Анна Герман - Александр Жигарев
Шрифт:
Интервал:
Закладка:
Теперь она ехала в студию, где ее ждал оркестр. чтобы приступить к записи. Музыканты встретили ее аплодисментами, и она радостно поздоровалась, будто рассталась с ними только вчера. Звукорежиссер предложил записать отдельно оркестровую фонограмму, а потом отдельно наложить голос. Анна запротестовала: ее принцип - записывать вместе с оркестром, чтобы чувствовать его дыхание, видеть дирижера, слышать каждый инструмент. Она работала над записью несколько часов легко, вдохновенно и радостно. Музыканты невольно забыли, что рядом с ними находится человек, практически "собранный заново", спрятавший в своем теле множество инородных предметов, настолько они были увлечены...

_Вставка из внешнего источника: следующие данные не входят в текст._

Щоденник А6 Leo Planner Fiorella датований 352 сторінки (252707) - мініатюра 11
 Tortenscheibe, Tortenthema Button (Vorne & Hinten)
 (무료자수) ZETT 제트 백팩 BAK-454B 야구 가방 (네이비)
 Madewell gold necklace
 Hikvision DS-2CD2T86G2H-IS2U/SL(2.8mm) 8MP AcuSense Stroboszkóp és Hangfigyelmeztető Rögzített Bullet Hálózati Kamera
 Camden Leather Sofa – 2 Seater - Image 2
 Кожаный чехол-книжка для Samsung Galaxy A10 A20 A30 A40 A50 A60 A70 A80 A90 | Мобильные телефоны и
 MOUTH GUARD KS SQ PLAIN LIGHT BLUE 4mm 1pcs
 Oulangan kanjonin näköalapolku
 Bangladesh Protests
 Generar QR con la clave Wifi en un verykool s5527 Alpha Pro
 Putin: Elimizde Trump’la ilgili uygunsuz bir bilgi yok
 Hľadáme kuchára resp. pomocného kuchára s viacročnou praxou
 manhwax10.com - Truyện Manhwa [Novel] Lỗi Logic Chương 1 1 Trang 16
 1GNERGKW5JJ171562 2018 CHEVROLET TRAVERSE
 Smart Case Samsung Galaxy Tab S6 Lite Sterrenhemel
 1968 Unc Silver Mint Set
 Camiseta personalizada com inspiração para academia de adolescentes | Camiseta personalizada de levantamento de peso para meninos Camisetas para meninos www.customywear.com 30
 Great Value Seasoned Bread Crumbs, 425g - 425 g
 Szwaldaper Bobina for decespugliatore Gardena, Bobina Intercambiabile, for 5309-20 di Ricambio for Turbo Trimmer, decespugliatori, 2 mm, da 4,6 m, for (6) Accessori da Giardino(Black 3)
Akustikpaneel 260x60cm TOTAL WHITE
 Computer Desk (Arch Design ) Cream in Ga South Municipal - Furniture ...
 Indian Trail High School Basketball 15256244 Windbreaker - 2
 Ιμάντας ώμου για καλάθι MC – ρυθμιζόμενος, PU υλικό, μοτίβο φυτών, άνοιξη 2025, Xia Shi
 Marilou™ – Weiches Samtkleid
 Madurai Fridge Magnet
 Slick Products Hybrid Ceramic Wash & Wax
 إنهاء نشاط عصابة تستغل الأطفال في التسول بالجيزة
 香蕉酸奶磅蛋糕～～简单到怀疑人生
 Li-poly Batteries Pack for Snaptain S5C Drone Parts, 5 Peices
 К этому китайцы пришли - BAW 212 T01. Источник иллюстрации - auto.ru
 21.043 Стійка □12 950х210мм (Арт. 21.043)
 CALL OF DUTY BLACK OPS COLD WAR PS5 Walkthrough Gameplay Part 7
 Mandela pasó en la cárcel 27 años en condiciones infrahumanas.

Записи продолжались всю неделю. В комнате звукорежиссера, отделенной от студии стеклянной стеной, собирались почти все находившиеся на студии: композиторы, певцы, оркестранты, уборщицы, курьеры... И после каждой песни они неистово аплодировали.
Анне было очень сложно передвигаться без палки, но она заставляла себя это делать, потому что хотела, чтобы все, кому с ней предстоит работать, прежде всего видели в ней полноценного человека, физически равного себе, без всяких комплексов, не вызывающего ни жалости, ни повышенного интереса. На сочувственные расспросы о здоровье она отвечала, как правило, с юмором, но почти тотчас же меняла тему разговора.
...Ей позвонили с телевидения и предложили снять ее концерт. Анна поблагодарила за предложение, сказала, что пока это несколько преждевременно, но она надеется, что скоро можно будет серьезно поговорить и о телевидении. "Ох, пани Анна! - проворчал редактор телевидения. - Лучше с этим не тянуть, сейчас рано, а потом может стать поздно. Неактуально, понимаете?" - И она услышала в трубке короткие гудки...
Накануне Нового года позвонили из канцелярии министра и сказали, что наконец-то решен вопрос о ее жилплощади. Ей предоставляется небольшая двухкомнатная квартира на окраине Варшавы, зато поближе к природе, к чистому воздуху, вдали от гари и копоти центральных улиц...
Когда она приехала в свою новую квартиру, там уже стояла мебель Збышека - письменный стол, четыре стула, диван и только что купленная новая тахта. Не все умеют по-настоящему радоваться жизни. Кое-кто брюзжит и жалуется, даже когда есть все основания быть довольным. Анна умела радоваться жизни и ценить все ее блага. Наконец-то она хозяйка собственной отдельной квартиры! Без соседей - хороших или плохих, - с ванной, которой можно пользоваться в любое время суток, с кухней, где можно не только готовить, но и обедать... Словом, отдельную квартиру может оценить лишь тот, кто всю жизнь скитался по углам, порой и вполне комфортабельным, но - чужим.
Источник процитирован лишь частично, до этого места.